» Required action: Here the job is to transcribe only the lines from the one containing "Quiet Modern Apartment" through the last line below, exactly as written; please leave out pictures.

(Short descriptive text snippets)
►

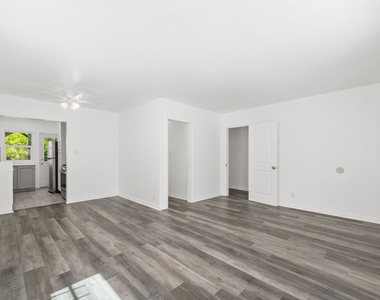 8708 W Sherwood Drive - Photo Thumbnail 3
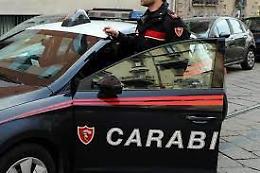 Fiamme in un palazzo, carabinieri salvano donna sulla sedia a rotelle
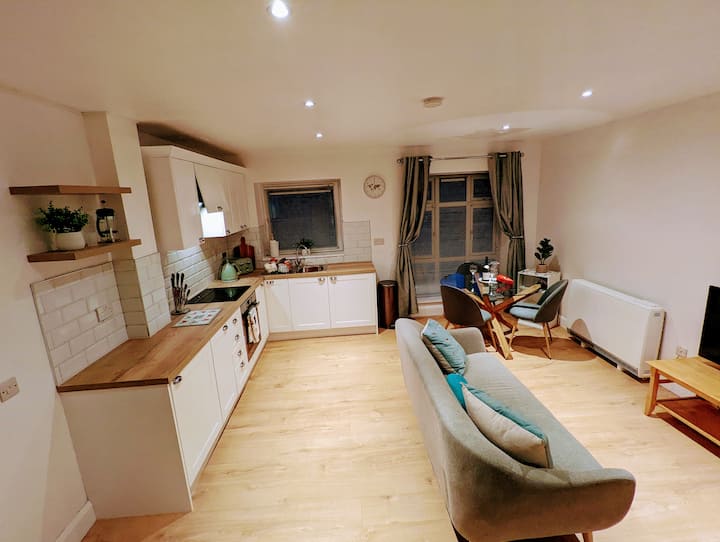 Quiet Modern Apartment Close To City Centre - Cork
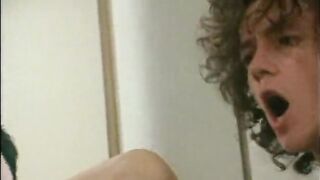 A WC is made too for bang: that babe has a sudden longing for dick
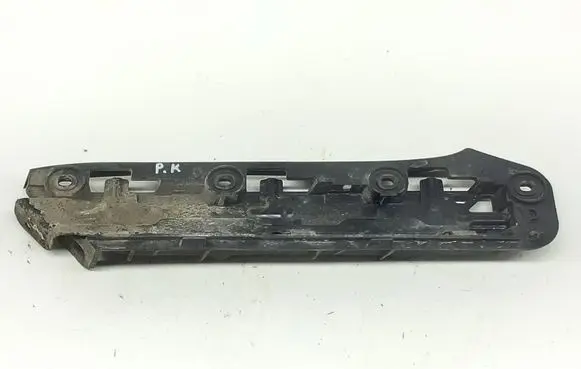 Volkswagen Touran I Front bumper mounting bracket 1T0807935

◄

» Answer for the task:
 Quiet Modern Apartment Close To City Centre - Cork
 A WC is made too for bang: that babe has a sudden longing for dick
 Volkswagen Touran I Front bumper mounting bracket 1T0807935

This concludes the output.